Still, the song doesn’t quite pack the hand-in-glove punch that it seems to aim for, coming across as a little too calculated and a little too silly. Ka-Spel will provide a much more disturbing and disquieting take on the porno industry with ‘The Dairy’ on 1986’s Island of Jewels (“keep them pumping at the dairy”). Personally I think the best post-modern examination of the aesthetics and ideology of porn came several years later with the release of the [NSFW!] sliding puzzle Amiga game Sexy Droids in 1992. “Oh, Cyborg!”

‘Sleezo’ starts with a lovely piece of finger-style guitar, plaintive but vaguely ominous. The fact that this is in combination with swampy electronic vocal sounds and washes of keyboard snyth, makes this sound like something from Air’s 2001 10 000 Hz Legend album. L.P.D. have done delicate, nostalgia-inducing acoustic guitar before, but it’s rather beautiful here and I think it is a shame to render that beauty ironic and ugly with the sudden recurrence of the Sleezo company’s sales pitch, this time voiced by a posh English woman credited as “Ignit”. Her delivery, though not the content of her speech, recalls the heartbreaking “I will think of England, of trees in summertime. Of leafy lanes, of daisy chains, of Grandad’s rhubarb wine” choruses of ‘Phallus Dei’ from the very first Chemical Playschool album. “You”ll love this product. We used keyholes, ladders, trees, even sent the cameraman up a crane just to please you” doesn’t quite have the same emotional impact on me, but it has a similar grubby melancholy to chatting with a Babestation employee on live TV at 3 o’clock in the morning in an empty apartment on the day your partner broke up with you. Still, I rather wish it’d just been pretty.

I prefer the original version of ‘Neon Gladiators’ that appeared on Chemical Playschool 3 & 4, which was a bit more glitchy and degraded than the cracking violin blitz we get here. Here the song is arguably less messy, but I find it less exciting. It’s harder to get lost in it. I do enjoy how glutted and obscene Edward’s voice is though! He definitely decided to keep it sleazy for this EP.

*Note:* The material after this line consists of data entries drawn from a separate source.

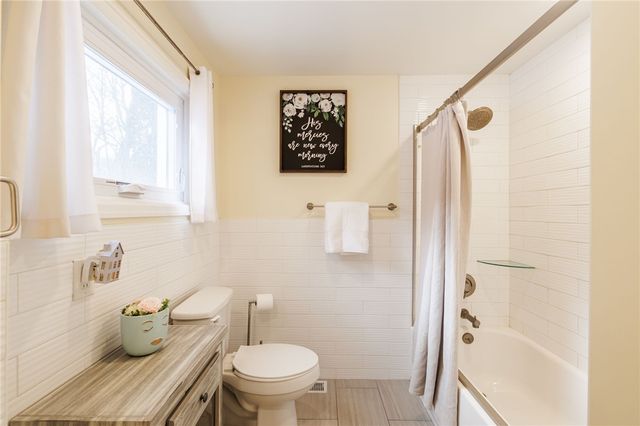 7662 East River Road, Rush, NY 14543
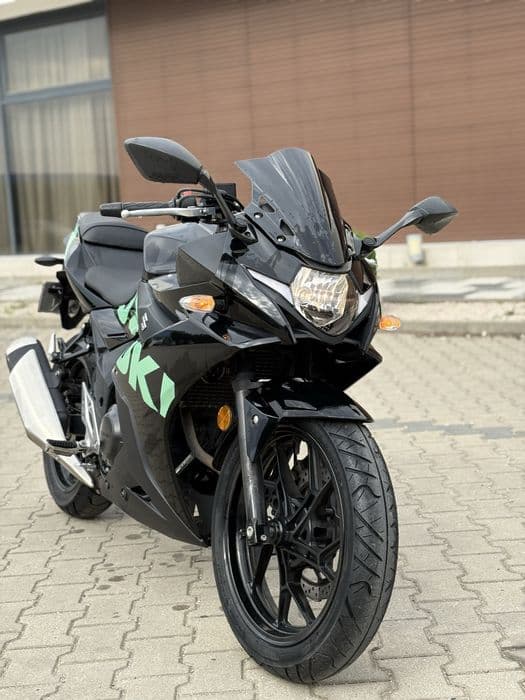 Suzuki GSX 250 R 2019 ABS fata-spate (cat A2)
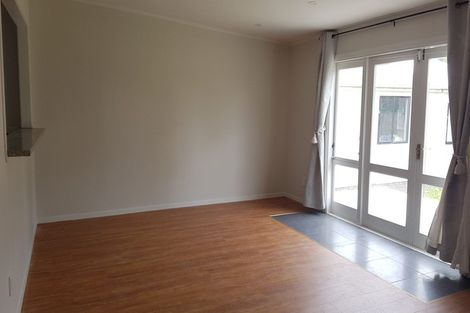 Photo of property in 29 Lincoln Road, Henderson, Auckland, 0610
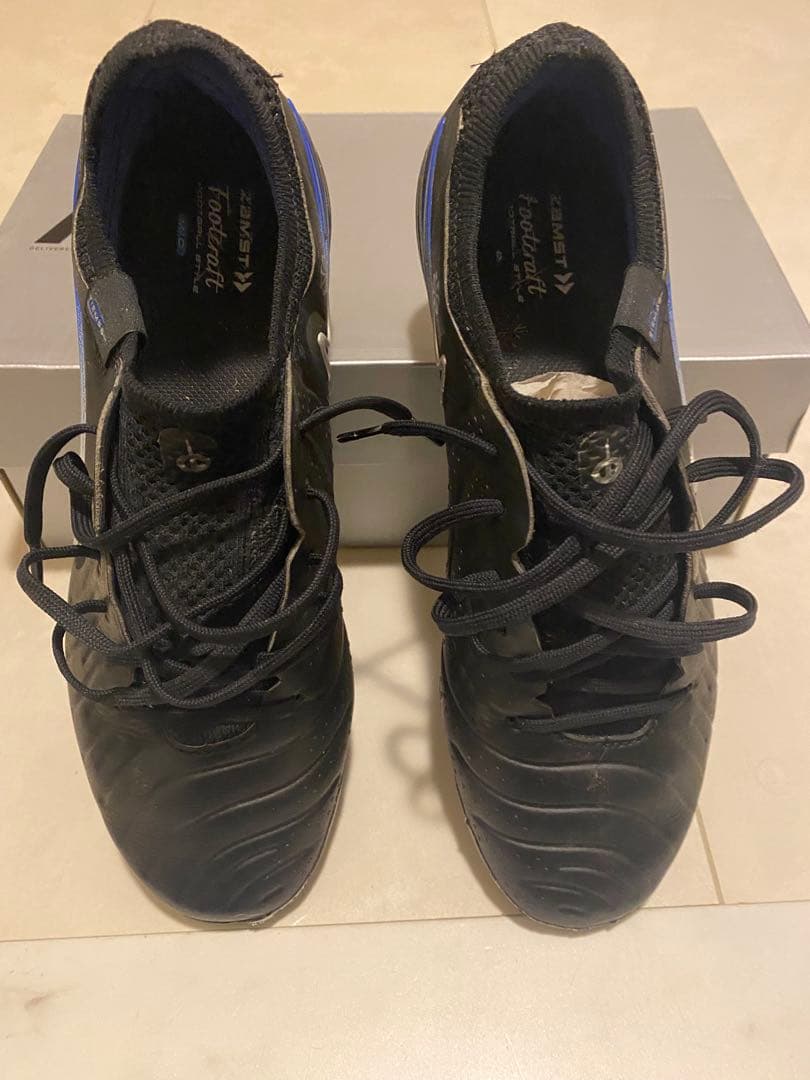 NIKE レジェンド10 エリート　AG 24.0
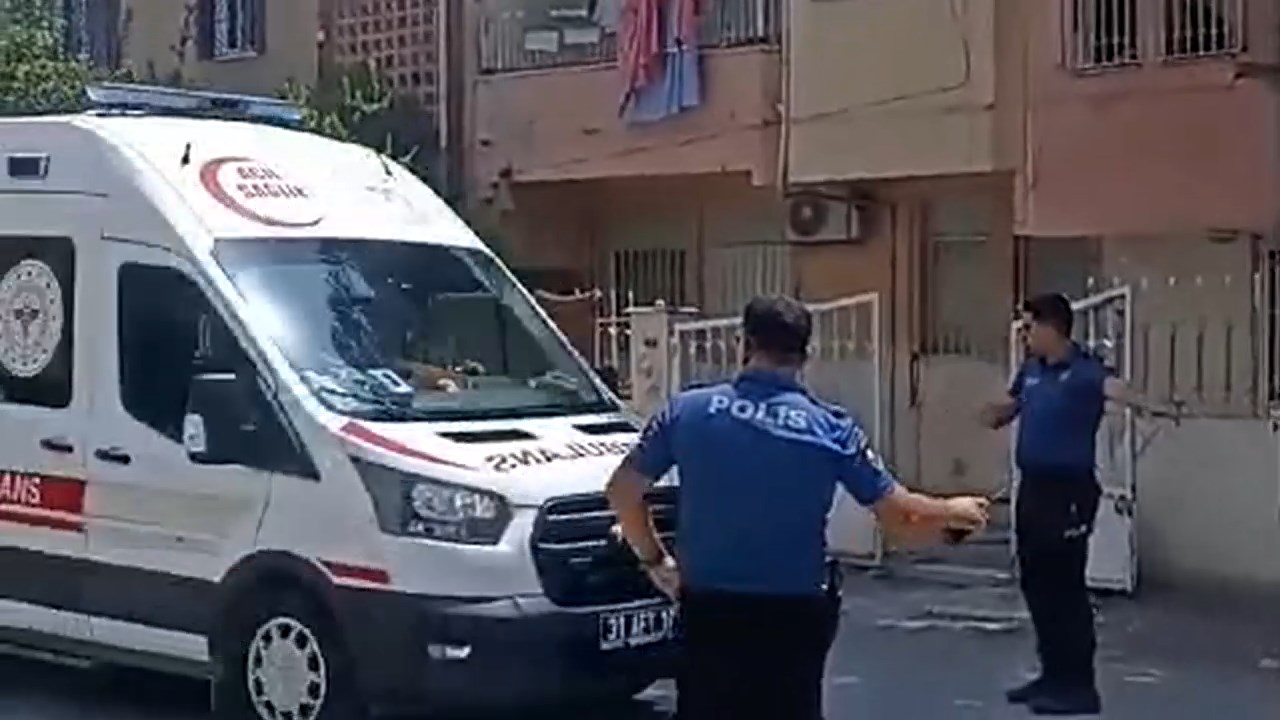 Ev Yangini Korkuttu.mp4 Snapshot 00.17.048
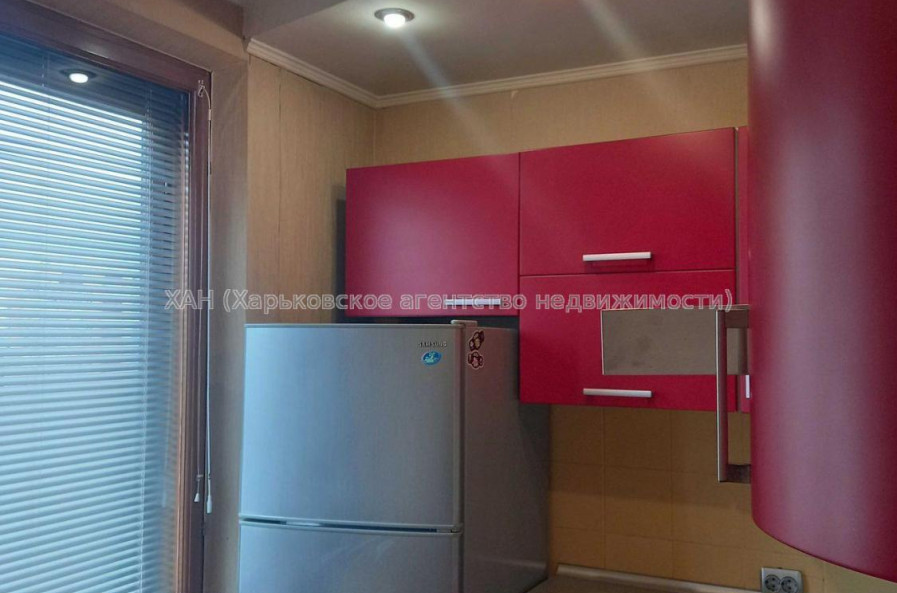 Продам квартиру, Победы просп. , 1 кім., 34 м², евроремонт 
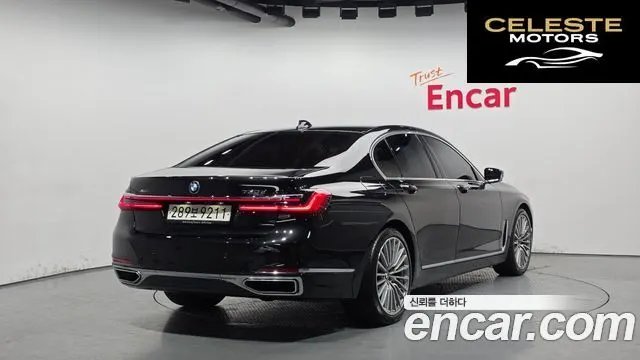 BMW Série 7 (G11) 730d xDrive Design Pure Excellence 2021 — photo 2 sur 20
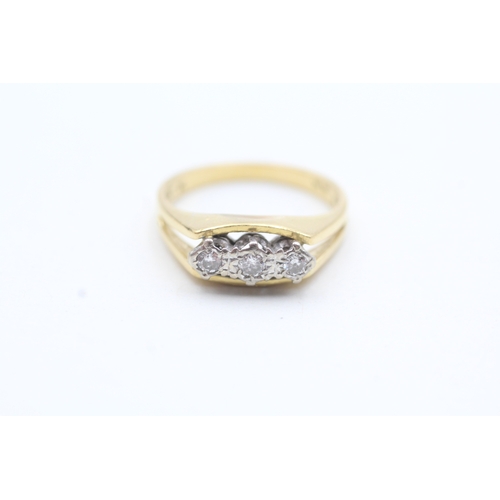 130 - 18ct gold diamond trilogy ring (4.4g) Size N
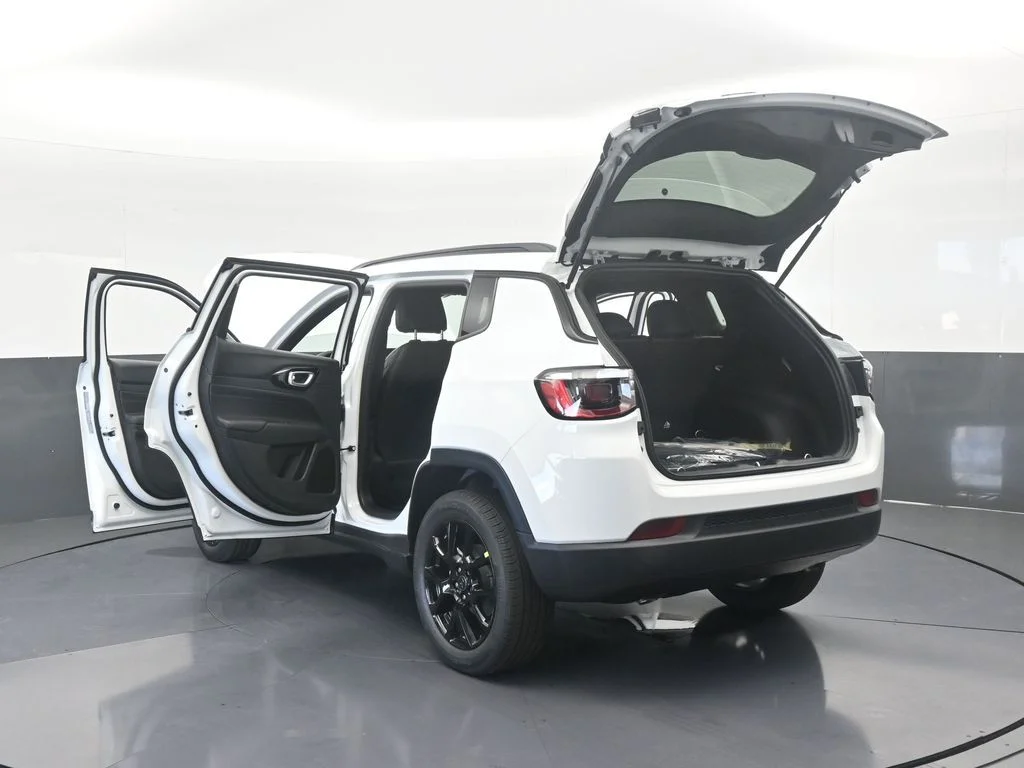 New 2026 Bright White Clear-Coat Exterior Paint Jeep Latitude image 68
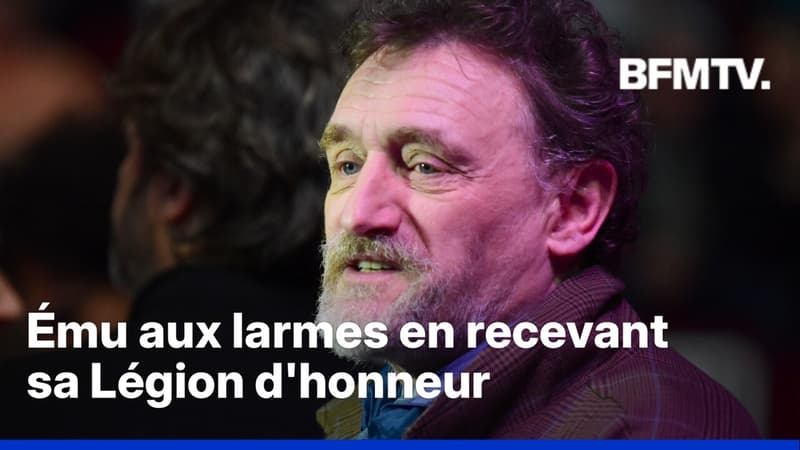 L'acteur Jean-Paul Rouve très ému au moment de recevoir la Légion d'honneur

‘Kitto’ meanwhile is very slight… but ludicrous enough to make me laugh out loud and, indeed, my mum laugh out loud when I just tried to describe the song to her! The song’s premise seems to be an advertisement for cat food given from the point of view of a man who – his partner having left him and taken the cat with him/her – is the ecstatic owner of 27 cans of Kitto. “Mmmmmmmmmmm” moans Ka-Spel orgasmically, “Kitto’s nice. I love it!”, providing a new perspective on The Cure’s contemporaneous 1983 single ‘Love Cats’. Musically ‘Kitto’ is, similarly, a rink-a-dink knees up, performed with manic intensity. The Dots used a similar template for the 1985 track ‘The Hill’, but to a far more troubling end. ‘Kitto’ is one of those daft music-hall style 1-minute tracks that experimental artists occasionally like to write to entertain themselves – Cardiacs did it with ‘Plane Plane Against The Grain’; Zappa with ‘Evelyn, A Modified Dog’; Sparks with ‘Under the Table with Her’; Queen with ‘Bicycle’ and every other track; and the Dots with ‘Kitto’!

Finally, ‘Eight Minutes to Live’ might have been well-served by including the street preacher samples that instead garner ‘Neon Gladiators’. It seems to be about a couple at the end of the world and sounds more like something from previous album Curse than anything else on the EP. This is terrain the Dots have tread before with, in my view, stronger tracks like ‘The Glory, The Glory’, ‘Apocalypse Soon’ and ‘When the Clock Strikes 13’ (okay, about a third of Chemical Playschool 3 & 4!) It is pleasingly ominous though and a good appetiser for the brilliant work to come next with The Tower (1984).

1 The only comparison that came to mind was the juddering opening song of R.E.M.’s Fables of the Reconstruction, ‘Feeling Gravity’s Pull’, released a year after Faces in the Fire. However, Michael Stipe’s lyrical approach and concerns are so different to Ka-Spel’s own that any similarity is true in a technical sense, but not in the emotional or atmospheric effect upon the listener.